Numerous disciplines have, over the years, adopted, adapted, and incorporated film studies into their curricula. Introducing film studies into the curriculum is an effective way of retaining viable student numbers in traditionally non-media disciplines. The Arnoldian-derived assumption that film has nothing to do with knowledge, reasoning or analysis has long since passed (or should have), as scholars from all disciplines now include film (and video) in the classroom. One of the first books to appear on the topic of history and the cinema was KRM Short’s Feature Films as History (1981) in which he argues the value of films as source material and explains how they provide an understanding of the societies and intellectual trends they both reflected and affected. Apart from The Historical Journal of Radio, Film and TV and Film and History, which have proven to offer key resources in the field, we can fast forward to Robert A Rosenstone’s History on Film / Film on History (2006). Rosenstone offers a detailed overview of what is meant by history on the screen. A recent anthology by Bickford and Mendelsohn (2006) on histories of cinema in and on Africa draws heavily on Rosenstone. In Australasia the annual and very well attended Film and History Conference is well entrenched, especially through the refereed online journal, Screening the Past.
My comment for this commemorative issue will briefly focus on my own contribution.
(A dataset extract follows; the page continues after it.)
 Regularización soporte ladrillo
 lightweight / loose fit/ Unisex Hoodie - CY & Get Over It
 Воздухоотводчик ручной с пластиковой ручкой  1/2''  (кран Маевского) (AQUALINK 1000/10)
The journal publication of the Grierson Report (1954) commissioned by a conservative South African Church organization, and its publication of a very challenging review by Samuel Lelièvre of Frank Ukadike’s book, Questioning African Cinema: Conversations with Filmmakers (2002) deserve mention. The Grierson Report had languished in mimeograph form in the National Film Archives (Pretoria) until 1999 when I was able to secure permission for it to be published in Screening The Past. This reproduction was accompanied by a detailed analysis of Grierson’s contribution to South Africa by me and Edwin Hees. Samuel Lelievre’s extensive review of Ukadike’s book, Questioning African Cinema (2002), I think, also needs attention, as it is one of the few published critical studies of Ukadike, a seminal scholar of Africa cinema. Basically, a book review, it is in fact a sustained critique, opening up a series of questions about Ukadike’s questions of African film directors.
In an academic environment where even refereed electronic journals remain second class citizens, Screening the Past has excelled in publishing top quality articles and making available previously inaccessible documents via open access. Screening the Past also reflects the extraordinary vibrancy of Australian scholarship, and its editors an outstanding commitment to the journal and all of those who have published in it.
Keyan G Tomaselli
Culture, Communication and Media Studies
University of KwaZulu-Natal
Howard College Campus, Durban.
Reference
Bickford-Smith, Vivian and Mendelsohn, Richard (eds.) Black and White in Colour: African History on Screen. Oxford: James Currey; Athens: Ohio University Press; Cape Town: Double Story, 2006. 374pp.